Content starts

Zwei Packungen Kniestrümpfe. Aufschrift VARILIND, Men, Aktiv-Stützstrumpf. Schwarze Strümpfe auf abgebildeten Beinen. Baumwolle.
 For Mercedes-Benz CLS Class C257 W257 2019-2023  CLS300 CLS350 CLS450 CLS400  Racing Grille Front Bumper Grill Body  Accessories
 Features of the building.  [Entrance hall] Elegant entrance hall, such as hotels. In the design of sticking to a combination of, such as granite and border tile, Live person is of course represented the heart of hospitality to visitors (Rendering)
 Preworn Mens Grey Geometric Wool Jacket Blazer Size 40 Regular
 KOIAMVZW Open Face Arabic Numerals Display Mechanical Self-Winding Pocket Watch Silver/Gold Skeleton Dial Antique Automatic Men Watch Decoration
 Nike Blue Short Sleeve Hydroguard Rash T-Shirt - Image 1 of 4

Content ends

EXERCISE INSTRUCTIONS.
Take the lines from the start of the records through the line holding "For Mercedes-Benz CLS", both included, and please print them exactly, with nothing else.

SOLUTION TO THE PROBLEM.
Zwei Packungen Kniestrümpfe. Aufschrift VARILIND, Men, Aktiv-Stützstrumpf. Schwarze Strümpfe auf abgebildeten Beinen. Baumwolle.
 For Mercedes-Benz CLS Class C257 W257 2019-2023  CLS300 CLS350 CLS450 CLS400  Racing Grille Front Bumper Grill Body  Accessories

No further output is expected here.